- _Task requirements_:
Where a picture shows up in the listing below, omit it and output the rest exactly.

--- Records provided ---

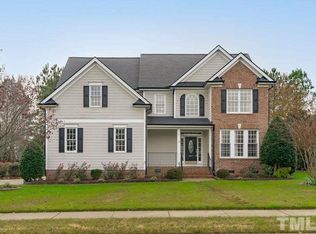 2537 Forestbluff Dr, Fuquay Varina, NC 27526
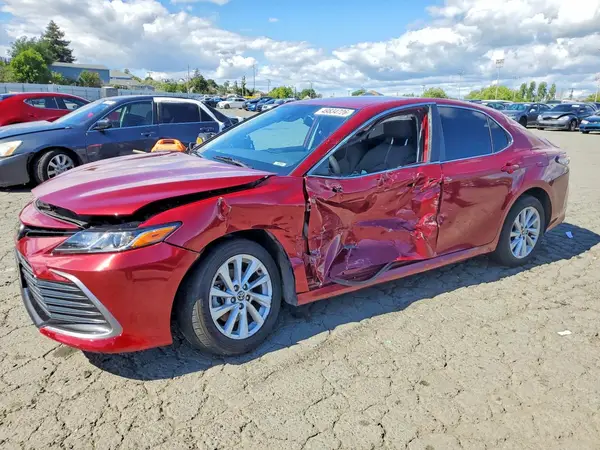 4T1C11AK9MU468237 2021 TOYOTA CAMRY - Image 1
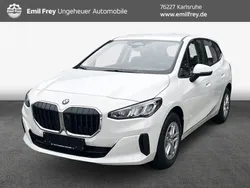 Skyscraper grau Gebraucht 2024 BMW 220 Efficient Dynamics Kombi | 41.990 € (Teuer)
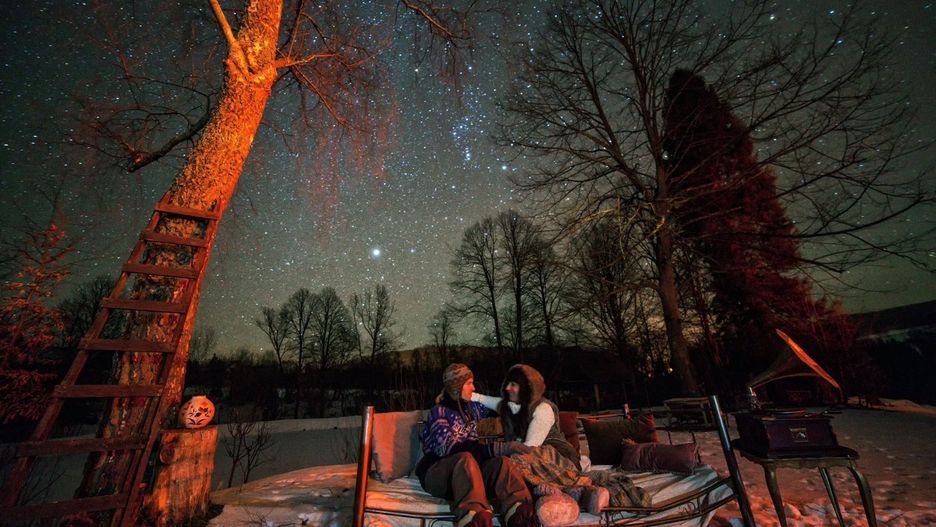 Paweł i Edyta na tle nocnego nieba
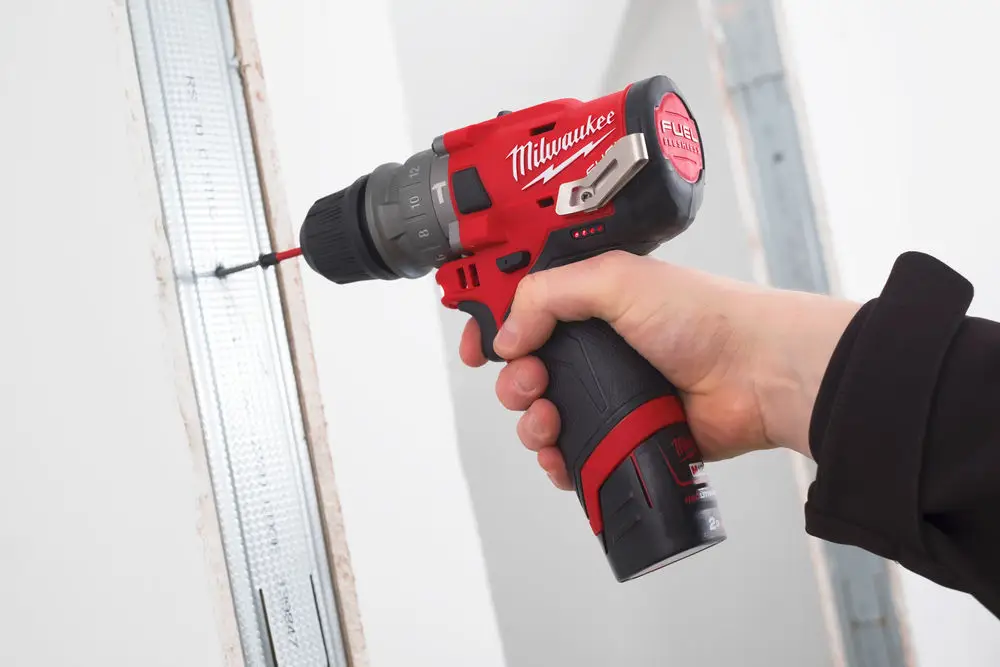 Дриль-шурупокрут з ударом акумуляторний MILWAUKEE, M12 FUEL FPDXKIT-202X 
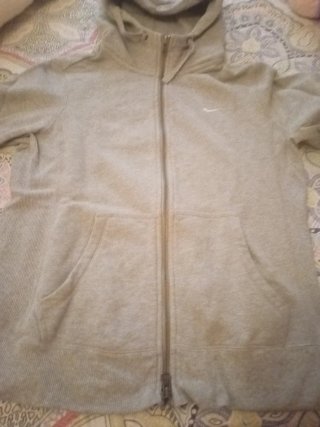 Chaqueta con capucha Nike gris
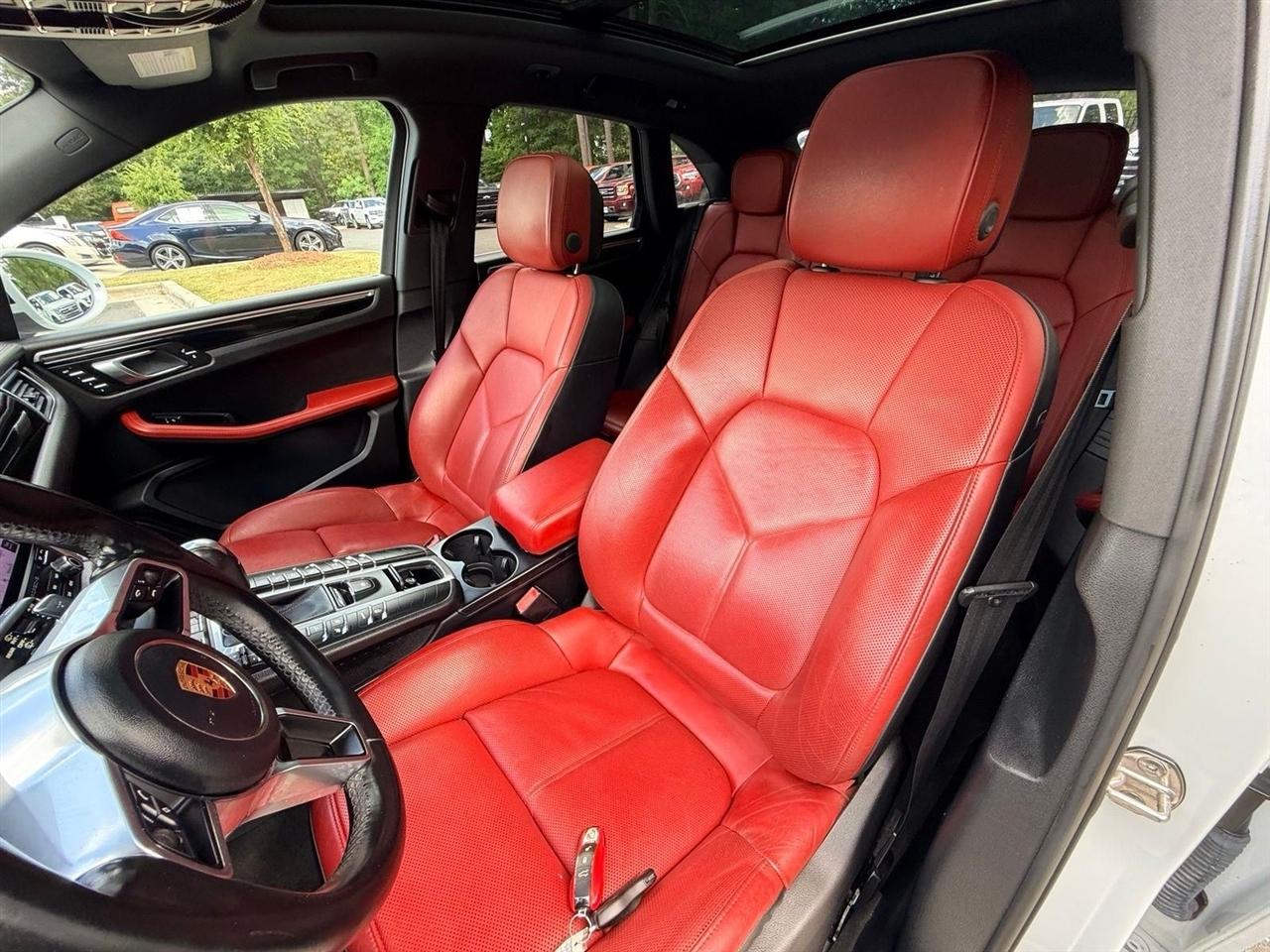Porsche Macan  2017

---

- _Answer to the exercise_:
 2537 Forestbluff Dr, Fuquay Varina, NC 27526
 4T1C11AK9MU468237 2021 TOYOTA CAMRY - Image 1
 Skyscraper grau Gebraucht 2024 BMW 220 Efficient Dynamics Kombi | 41.990 € (Teuer)
 Paweł i Edyta na tle nocnego nieba
 Дриль-шурупокрут з ударом акумуляторний MILWAUKEE, M12 FUEL FPDXKIT-202X 
 Chaqueta con capucha Nike gris
Porsche Macan  2017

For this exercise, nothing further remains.